Open Bug 1002430 Opened 10 years ago Updated 2 years ago

Discard graphics resources on memory-pressure only

Categories

(Core :: Graphics: Layers, defect)

defect

Tracking

()

tracking-b2g backlog

People

(Reporter: vingtetun, Unassigned)

References

Details

Attachments

(3 files)

The current codebase optimize memory on the device by clearing cached layers and decoded data of images when an application is going offscreen (when the user hit the home button, or when a new app covers it).

This is nice, and especially on low end device with a very small amount of memory, but for many parts it degrades the UX, and more especially on device with a bit more RAM where it's cool to use it.

For example the layer discarding strategy and decoded image data discarding strategy, actually removes everything when the app receive a setVisible(false).

As a result it forces us to do a few hacks in Gaia in order to try to make a better UX. When an attention screen is opened, we wait five seconds in order to change the visibility of the underlying window (which also change its priority!), or when the home button is clicked, we asked for a screenshot of the homescreen in order to revive it's rendering before switching to it (screenshots are slow and usually takes hundreds of ms and bust the ipc bus).

It would be much better / easier if the resources of an app can be discarded only when it really needs to be discarded.

Asking feedback? to Fabrice, not really for the code but really for the approach as I'm curious to see if it will scale from Tarako to high-end devices.
This is also really not clear to me why we send a low-memory memory-pressure when the app is minimized instead of a heap-minimize ?
Attachment #8413696 - Flags: feedback?(fabrice)
(In reply to Vivien Nicolas (:vingtetun) (:21) (NOT reading bugmails, needinfo? please) from comment #2)
> This is also really not clear to me why we send a low-memory memory-pressure
> when the app is minimized instead of a heap-minimize ?

That was a side effect of a change I made; after seeing the results of that I think it's better to go back to heap-minimize instead. A low-memory event is dropping the WebGL context too and that's quite problematic (though it made a few hidden WebGL issues in Gaia apparent). We could even devise a new subclass of the memory-pressure event that drops only what we want it to drop, it's not really complicated as there's just a handful of observers in the gecko codebase.
(In reply to Gabriele Svelto [:gsvelto] from comment #3)
> (In reply to Vivien Nicolas (:vingtetun) (:21) (NOT reading bugmails,
> needinfo? please) from comment #2)
> > This is also really not clear to me why we send a low-memory memory-pressure
> > when the app is minimized instead of a heap-minimize ?
> 
> That was a side effect of a change I made; after seeing the results of that
> I think it's better to go back to heap-minimize instead. A low-memory event
> is dropping the WebGL context too and that's quite problematic (though it
> made a few hidden WebGL issues in Gaia apparent). We could even devise a new
> subclass of the memory-pressure event that drops only what we want it to
> drop, it's not really complicated as there's just a handful of observers in
> the gecko codebase.

More granularity would be helpful for some UX things.
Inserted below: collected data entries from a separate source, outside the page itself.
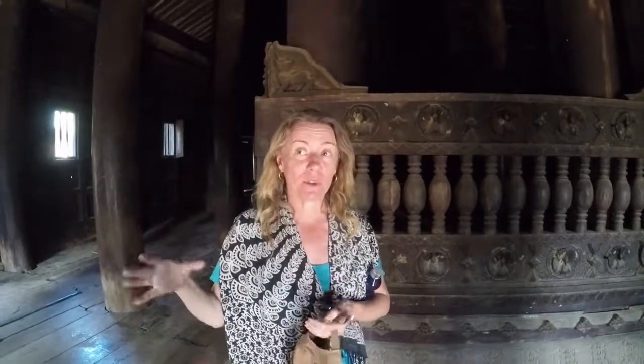Look at all the bats up there. This entire monastery is made of teak wood and they used one tree. Some of the smaller pieces are 30 years old, all the way up to 60 years old. These things are beautiful.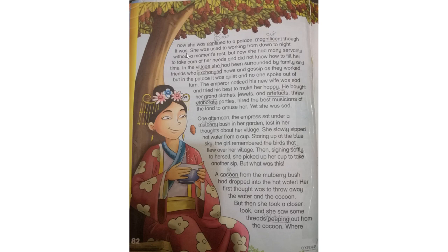She was used to working from dawn to night without rest, but now she had many servants to take care of her needs and did not know how to fill her time. وہ دن سے رات تک بغیر آرام کیے کام کرتی تھی اور اب اس کے پاس بہت سارے نوکر تھے اس کی ضروریات کو پورا کرنے کے لیے۔ In the village she had been surrounded by family and friends who exchanged news and gossip as they worked, but in the palace it was quiet and no one spoke out of turn. اس کے گاؤں میں اس کے دوست ہوتے تھے، کام کرنے کے دوران باتیں کرتے تھے، لیکن palace میں بہت خاموشی تھی، کوئی بولنے والا نہیں تھا۔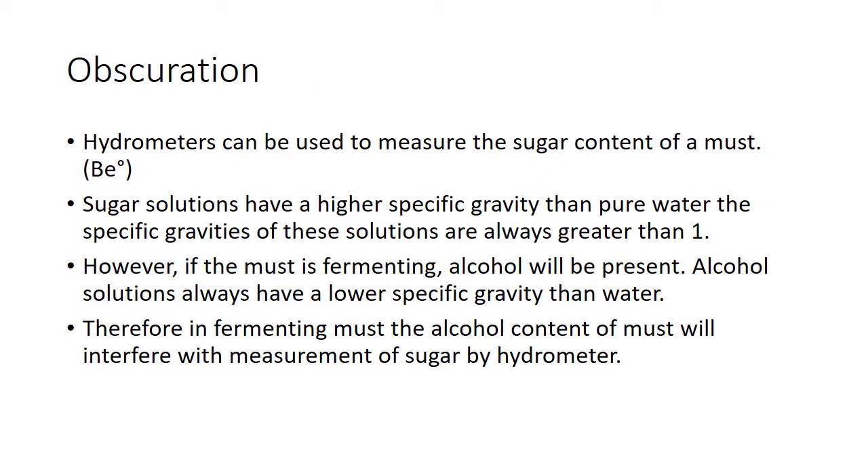The biggest issue is obscuration. Hydrometers can be used to measure sugar content, and I want to talk about Baumé here. Baumé measures potential alcohol. Sugar solutions have a higher specific gravity than pure water — always greater than one. However, if a must is fermenting, alcohol is present. Alcohol solutions always have a lower specific gravity than water, which is why when you get a fermentation dry it reads negative one or negative two. So if you're trying to laser in on residual sugar using a hydrometer or densitometer, you're just measuring weight — it doesn't really tell you anything. You need to measure enzymatically or calculate the obscuration.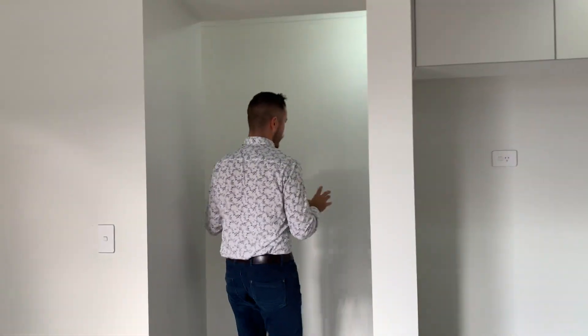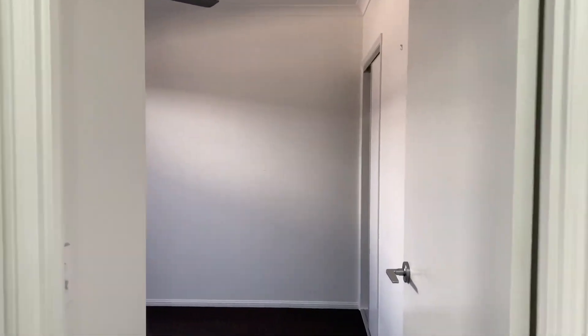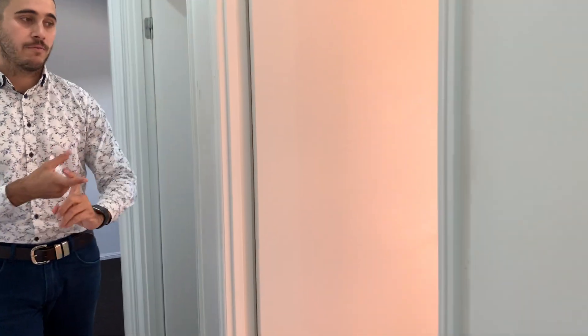From there you do come through to your 3 other bedrooms and bathrooms. Bedroom number 2 is at the end of the property here, built-in robes and fans. Laundry to your left. Second bathroom to my left as well, single vanity, large tub and stand-in shower.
One thing that could have been nice as well is an notification before the phone fire the low-memory message. That would have let us drop some of the resources like layers and image data, before the phone goes onto low-memory.
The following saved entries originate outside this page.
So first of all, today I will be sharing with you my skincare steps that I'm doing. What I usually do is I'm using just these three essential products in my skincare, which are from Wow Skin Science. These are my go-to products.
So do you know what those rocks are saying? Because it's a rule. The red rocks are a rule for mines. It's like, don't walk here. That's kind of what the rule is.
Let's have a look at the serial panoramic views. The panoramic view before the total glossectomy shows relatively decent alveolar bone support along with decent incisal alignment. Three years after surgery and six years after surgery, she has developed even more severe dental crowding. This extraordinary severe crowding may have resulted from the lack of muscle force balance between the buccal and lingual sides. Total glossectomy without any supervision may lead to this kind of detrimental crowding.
I have been told that it is hard to have though ?
Question: is gaia able to know the iframe keep or drop the rendering state? I wanna to know if we could skip the screenshot call if we still have the rendering in hidden state.
(In reply to Vivien Nicolas (:vingtetun) (:21) (NOT reading bugmails, needinfo? please) from comment #4)
> More granularity would be helpful for some UX things.
> 
> One thing that could have been nice as well is an notification before the
> phone fire the low-memory message. That would have let us drop some of the
> resources like layers and image data, before the phone goes onto low-memory.
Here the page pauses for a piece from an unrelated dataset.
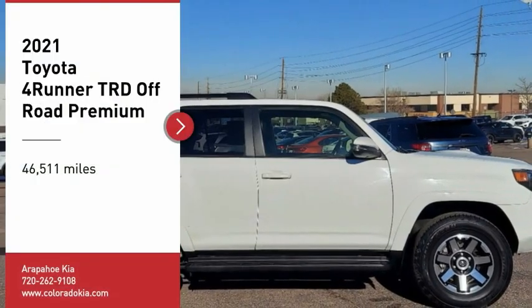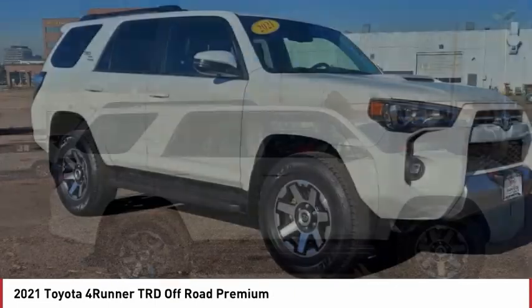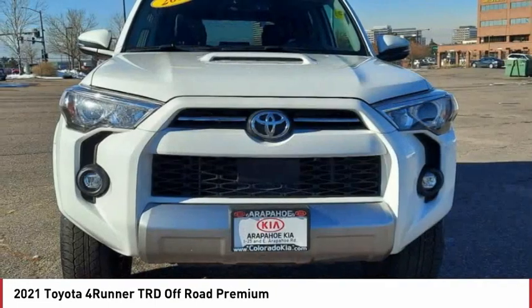Come test drive the 2021 4Runner. 4Runner durability is unbeatable. There are more 4Runners on the road today than any other midsize SUV.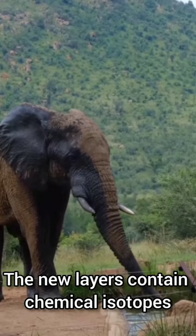The new layers contain chemical isotopes from whatever the elephant was eating at the time they formed, capturing information about the animal's location and health over its lifetime.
What kind of scenario do you have in mind? Currently we have only two scenarios that trigger memory pressure events: sending an application to the background or when we hit the low-memory threshold. In the first case we could behave differently, possibly by sending a different string to the memory-pressure event so that observers would behave differently. The idea for that is that background applications shouldn't hold to unnecessary data but we might want to retain certain things. We could also delay this memory pressure event and send another event first (or let the application use their visibility status to decide what to do so that we don't make events proliferate too much). In fact delaying the minimization of a background app could also help with app startup. We might also want to distinguish between an application really going into the background and one being just hidden because we turned off the screen. In the latter case minimization doesn't really make sense as the application will go into the foreground again when the user turns on the phone.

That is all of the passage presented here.